Storage & Integrity

From ADA Public Wiki
Revision as of 00:26, 9 September 2024 by JMcDougall (Sọ̀rọ̀ | contribs)
Jump to navigation Jump to search

The ADA archival workflow [34] outlines processes to manage the integrity of the data and metadata flow through the Archive. The ADA Workflow and Storage Diagram [47] reflects the distinct deposit, ingest, curation, access, and storage locations for each of the archival phases.

ADA Archive Training

The ADA Archivist team are trained with respect to the OAIS Reference Model and how it is implemented within ADA’s technical architecture:

  • Deposited data = SIP
  • Ingest (curation, processing, data management, preservation) = AIP
  • Access = DIP

The Archivist team members are trained to know where and how the data is stored for each of the SIP, AIP and DIP, and actively contribute to ongoing documentation and development of processes:

  • The archivist team are also trained in accessing and processing the raw Information Packages within ADA’s secure Remote Desktop Service.

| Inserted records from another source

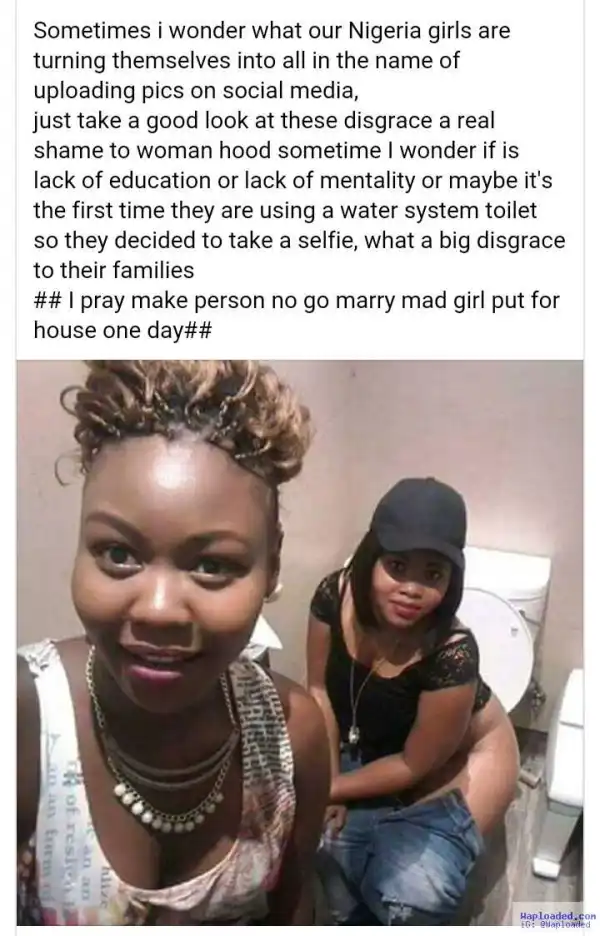 Weirdest Photo : What is Wrong with Some Nigerian Girls? 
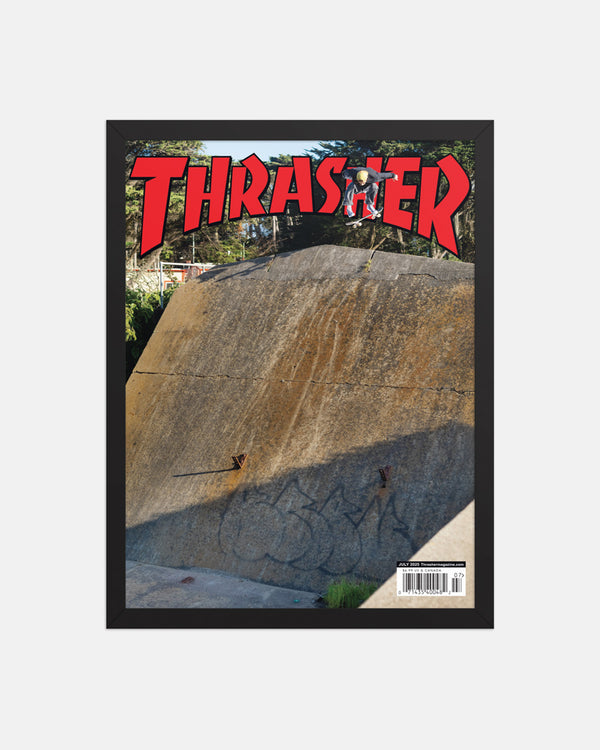 JULY 2025 COVER - FRAMED POSTER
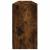 Dulap cu lumini LED, stejar fumuriu, 162x37x67 cm GartenMobel Dekor
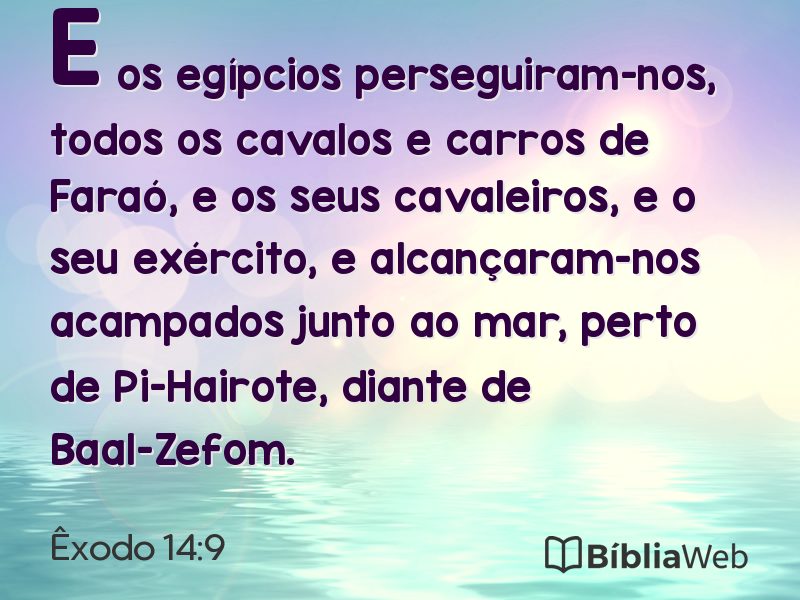 Êxodo 14:9 em imagem para compartilhar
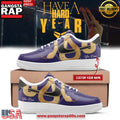 Year of the Mamba New Kobe Air Force 1 Shoes Purple Custom Sneakers Shoes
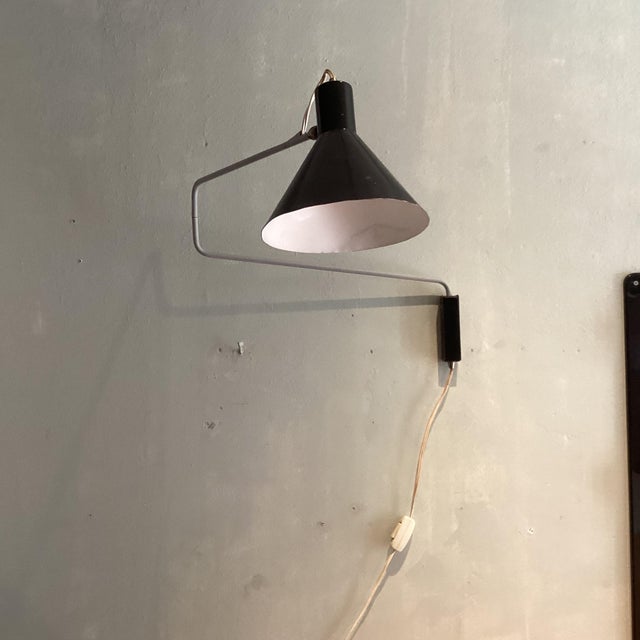 Mid-Century Modern Anvia Elbow Lamp attributed to Hoogervorst, 1960s For Sale - Image 3 of 12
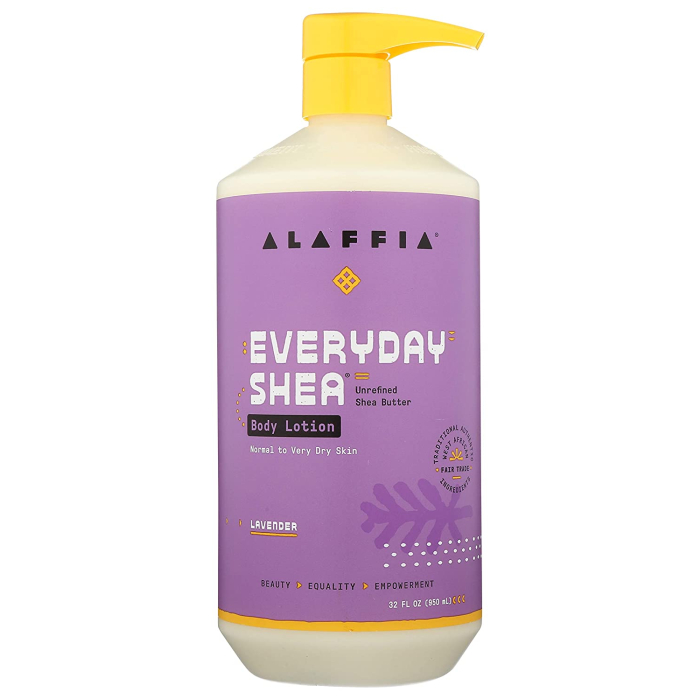 Alaffia Lavender Shea Butter & Lemongrass Body Lotion, 32 fl. oz.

The ADA access management team manages access to the DIP (dissemination version). The access management team is trained in documented processes regarding documented Business Rules that dictate an applicant’s being granted or rejected in their application to access the DIP. The technical management team follows established informally documented workflows to contact the NCI Helpdesk when any storage-related issues arise.

Data & Storage Management

The Dataverse software [49] supports reporting, data management and auditing through user accounts for access, authentication, and permissions; to edit, upload, and download data. ADA previously developed the ADA Data Processing Tool (ADAPT) [6] based on the OAIS Reference Model [42]. ADAPT enables archivists to programmatically manage movement of data and metadata between Dataverse instances and archival storage to manage data integrity.

  • Each user actioned ADAPT function creates or appends to a log using a standard provenance ontology (PROV-O) [3]. The log is stored as part of the AIP to support auditing of archival activities actioned through ADAPT, if required.

ADAPT is moving towards its third version as ADA continues to develop strategies to minimise the risk of manual data and metadata management versus building management into a software application. Data and metadata are stored with each Dataverse instance, and versioned at publication of a dataset. ADAPT is used to move data and metadata between the Dataverse instances as required at each archival phase. Dataverse exports metadata in a number of formats. The JSON export format of the DDI metadata also includes Dataverse system metadata such as fixity checks on uploaded data files (checksum MD5). The JSON metadata formats are exported by archivists during the Ingest phase and Publish phase. The JSON export is copied to archival storage for preservation of the original (SIP) metadata and data files, and the published (DIP) metadata and data files, to ensure that the integrity of digital objects from deposit to access can be verified against any changes to the data. The archivist Data Curation Process [34] encapsulates data processing, including superceded and new versions of data, in conjunction with support from Dataverse software versioning control.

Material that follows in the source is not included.